Phase 4 - Transition to Manufacturing
Are you ready to move up?
MNX engineers have many years of experience in successfully developing MEMS devices and transitioning them into a production environment for manufacturing commercial products. An important consequence of the inherent specialization of MEMS devices is that most MEMS applications require relatively small production volumes. In these cases the MNX is the perfect choice for both your device development and production. For those applications requiring higher production volumes, it will almost always make economic and strategic sense to have the MNX develop your MEMS device and process technology and then transfer the manufacturing to a larger production facility when the time is right. This will allow you to avoid the extremely prohibitive costs of developing device designs and process technologies in large production facilities. Also, few, if any, large production facilities have the expertise for device development since they are manufacturers. Whatever the volume of your application, when you are ready to go into production the MNX is there to help you achieve success in both your development and transition production.
Low-Volume Applications
- MNX can provide low-volume production services using internal resources if you require small to modest numbers of devices and/or process runs.
High-Volume Applications
- The MNX has contractual and well-established relationships with over 70 foundries of varying scales, tooling, and processing capabilities. We can help you select the production foundry that best suits your requirements and budget.

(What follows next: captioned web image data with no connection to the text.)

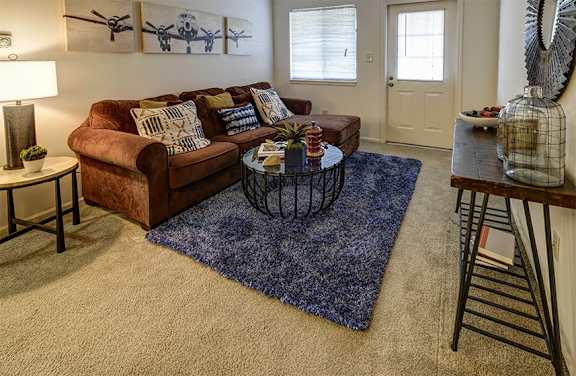 A living room with a brown couch, a blue rug, and a painting on the wall.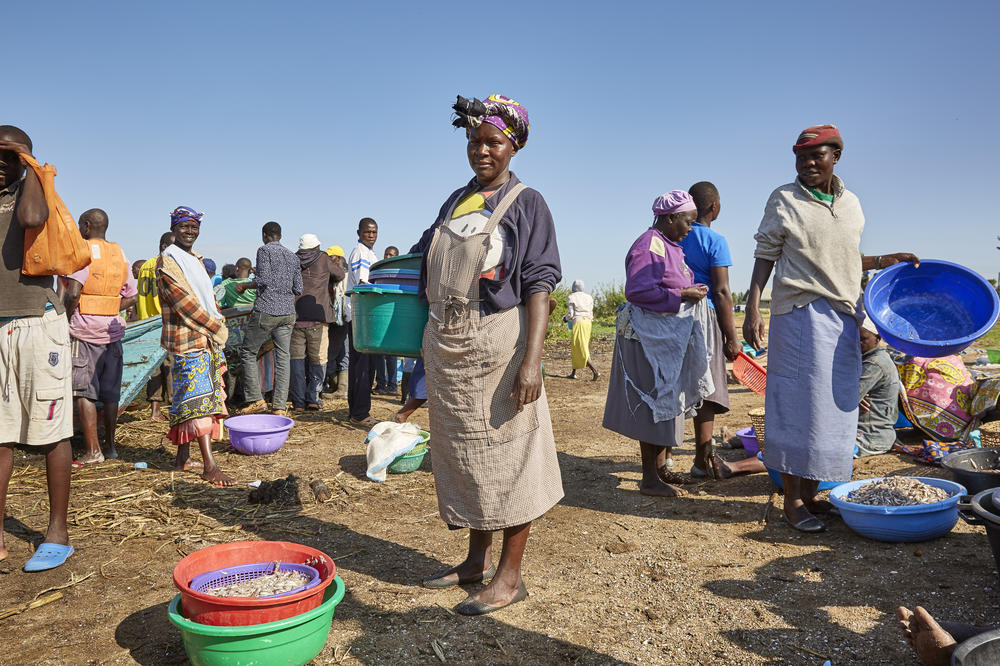 A scene from Nduru Beach in 2019, before rising waters flooded the village. When the fishing boats would come in with their morning catch, female fishmongers would negotiate fish they could sell. Sex was sometimes part of the transaction. But the women in the No Sex for Fish collective weren't at the mercy of the fishermen. They owned their own boats and hired men to do the fishing for them.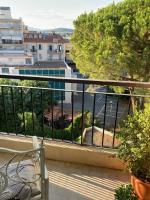 a balcony with a bench and a view of a street at Cosy Studio Cannes Center beaches shopping and congresses LIVE IN MERLE in Cannes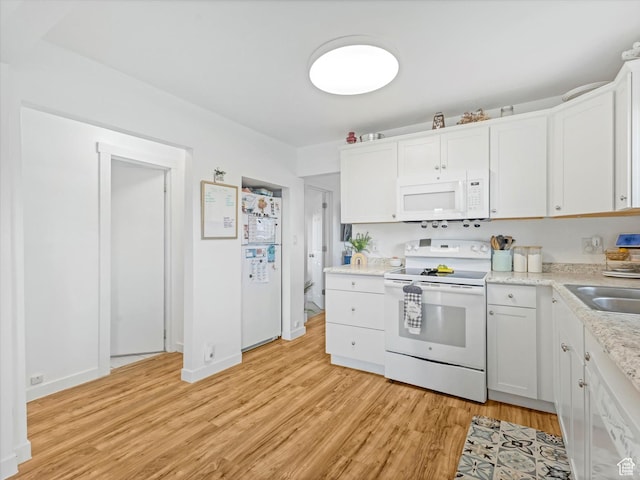kitchen with white cabinetry, light countertops, white appliances, a sink, and light wood finished floors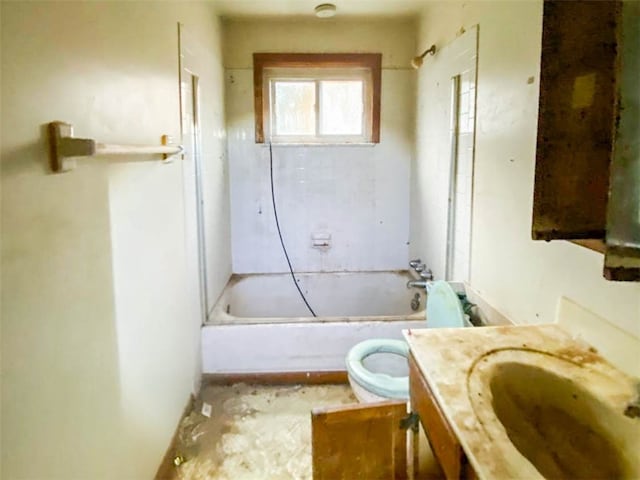 full bathroom featuring tiled shower / bath, vanity, and toilet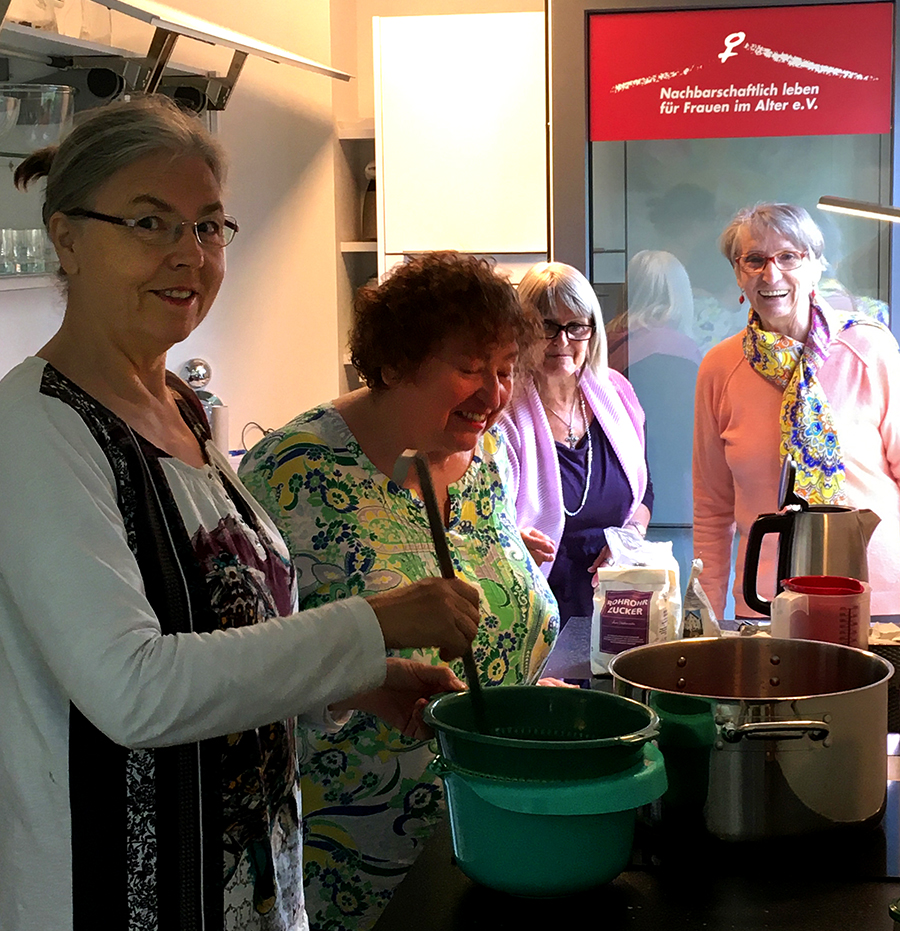 wg5: 3 Wohnfrauen kochen gemeinsam mit großem Kochtopf, eine Frau schaut bei der Fenstertüre herein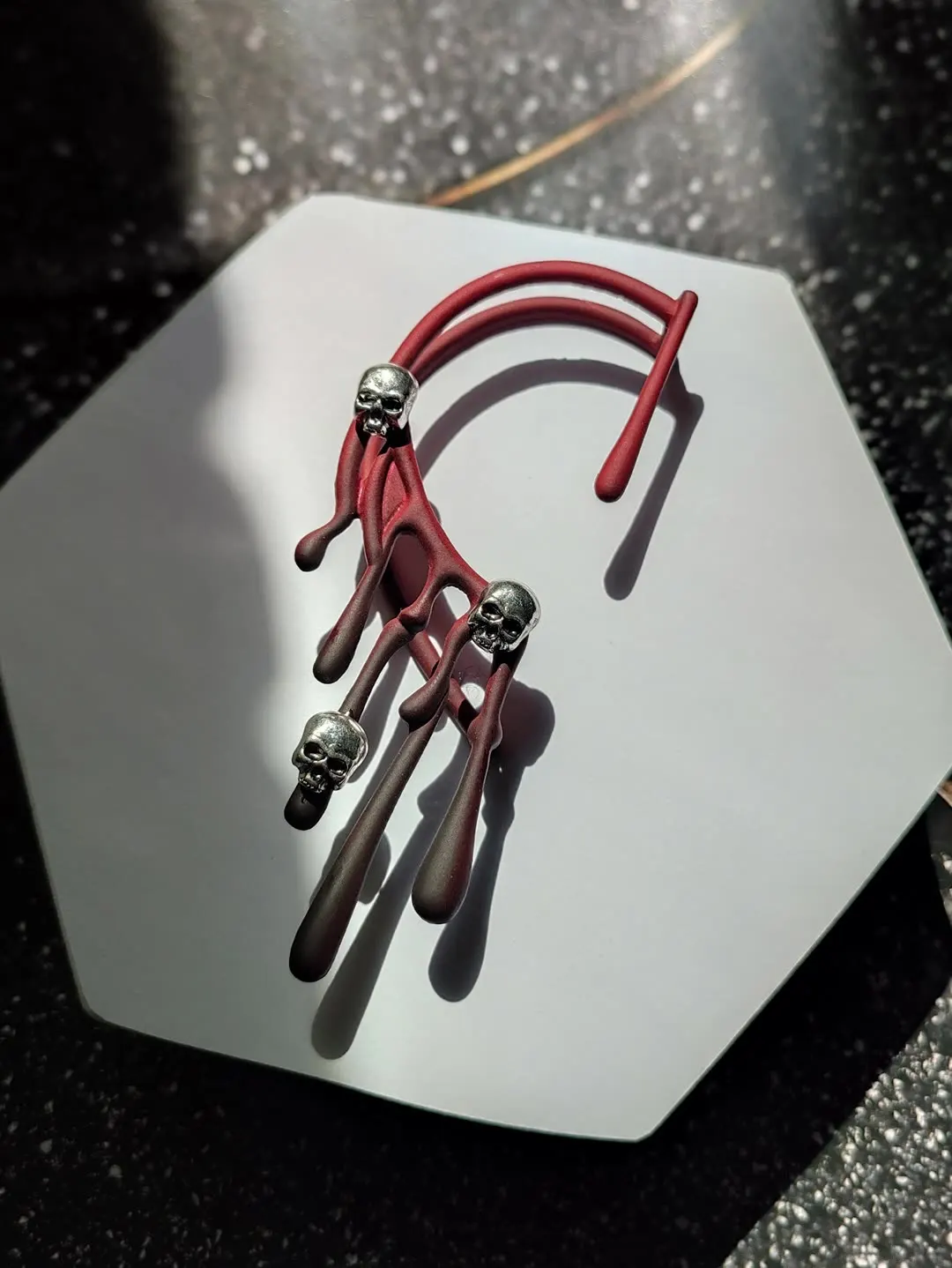 

Halloween-themed ear cuffs with exaggerated lava designs + retro wine red color and minimalist, niche-style earrings.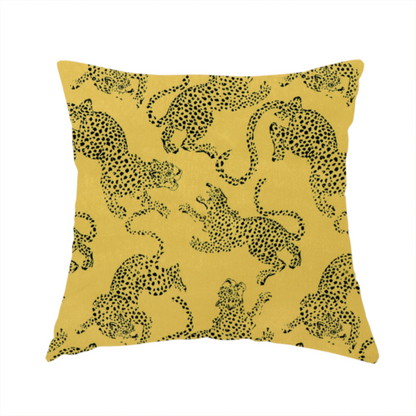 The fabric used to create this handmade cushion is a seamless repeating pattern featuring black stylized leopards or jaguars printed over a mustard yellow or gold background. The felines are depicted in a dynamic, crouching or leaping pose with detailed spotted markings and long, curving tails.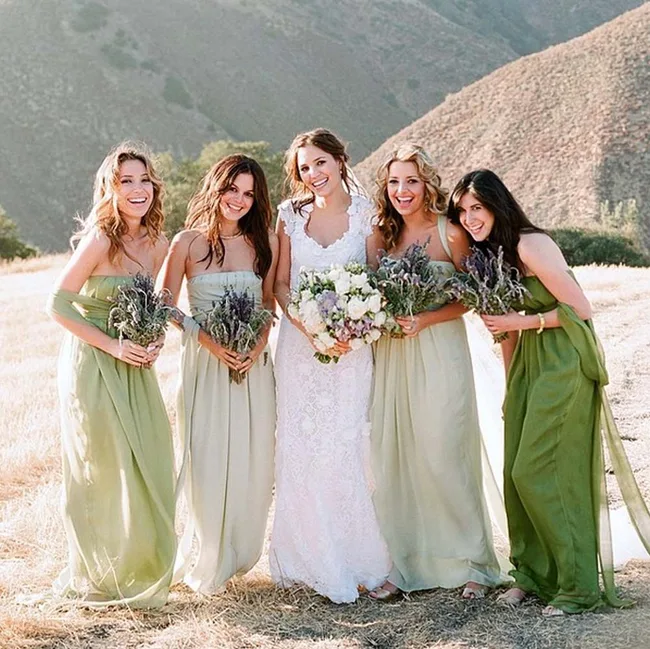 Five women outdoors; four in green bridesmaid dresses, holding flowers, and one in a white wedding gown.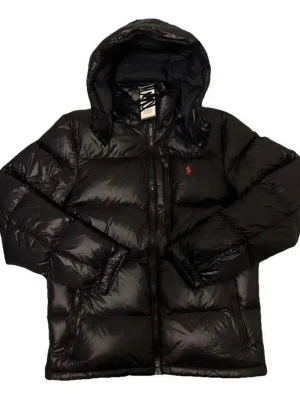 Svart pufferjacka från Polo Ralph Lauren - Säljer en svart pufferjacka från Polo Ralph Lauren med huva och dragkedja framtill. Jackan har en blank finish och den klassiska röda Polo-loggan broderad på bröstet. Perfekt för kalla dagar och riktigt snygg till streetwear-stilen.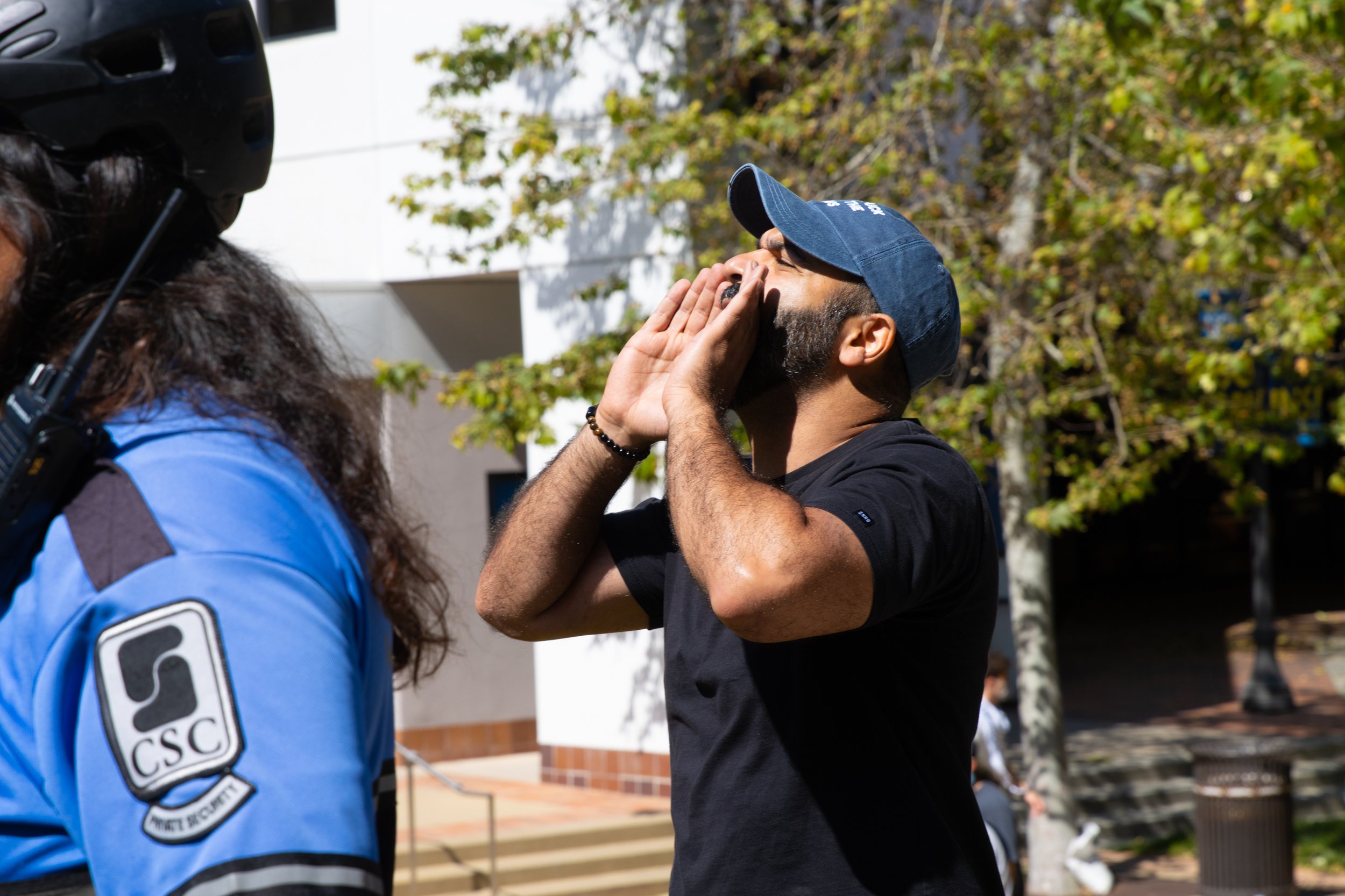  Rami, a Israeli supporter, shouts responses at pro-Palestine protestors on the other side of a human barrier formed by students and staff at University of California, Los Angeles, Calif. Sunday, April 28, 2024 (Libna Florencio | The Corsair) 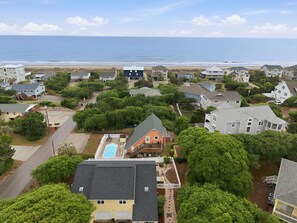 A residential area with houses, a swimming pool, and a beach in the background. - Dog Friendly, Beach Home, Private Pool- 400ft to beach! (Emerald Isle)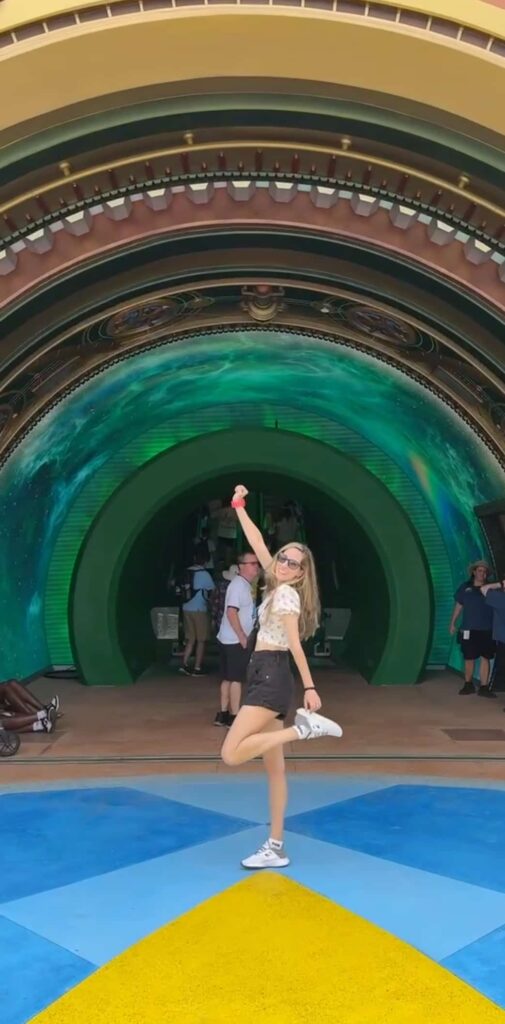 Mulher posa em frente ao portal do Nintendo World no Epic Universe em Orlando com sua Power Up Band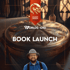 A man in a hat smiles below "BOOK LAUNCH" text, a decorative box, and a "Legend Haven" banner.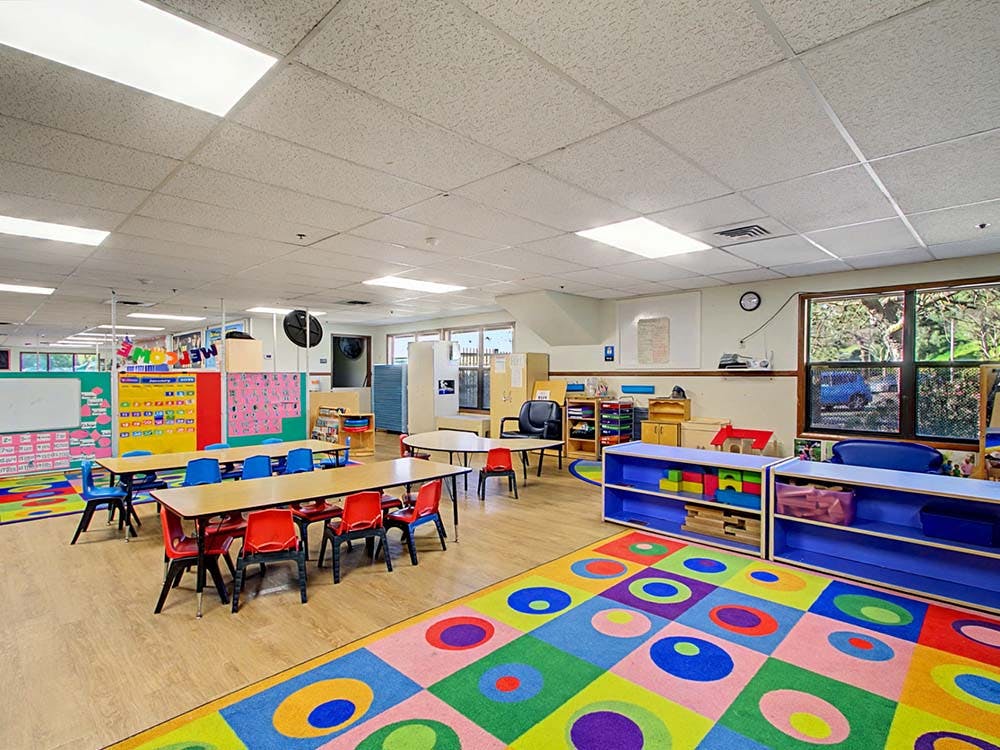 Classroom with small tables and chairs, colorful rug, and bulletin boards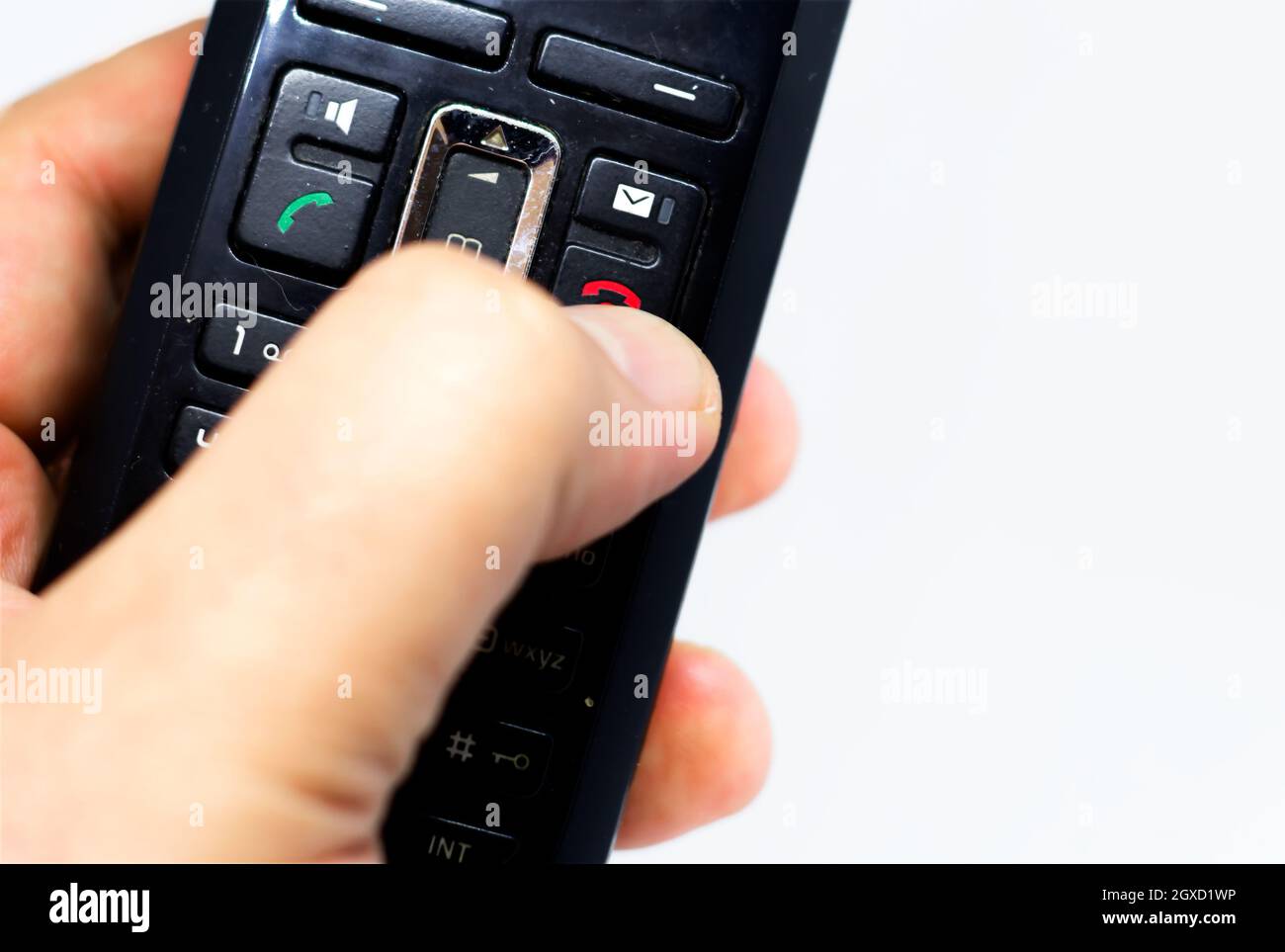 Thumb pushing the button with the red icon to reject or hang up a call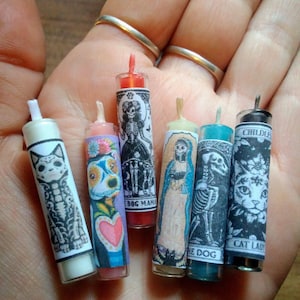 May include: Six miniature cylindrical candles featuring various graphic labels. The labels include illustrations of a cat skeleton, a colorful dog, a skeleton figure labeled BOG MAMA, a robed figure, a dog skeleton labeled THE DOG, and a cat labeled CAT LADY.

- MNX technical staff has detailed and intimate knowledge of all our foundries. This, coupled with our extensive MEMS device development experience, translates into a cost effective, rapid and successful product launch.
- A key element of transferring a process sequence from development into production is the MNX proprietary software system. Our software system is unique and captures all the important processing details of a process run and documents this information in a manner that allows the process sequences to be transferred in production and ramped to any manufacturing volume required with relative ease.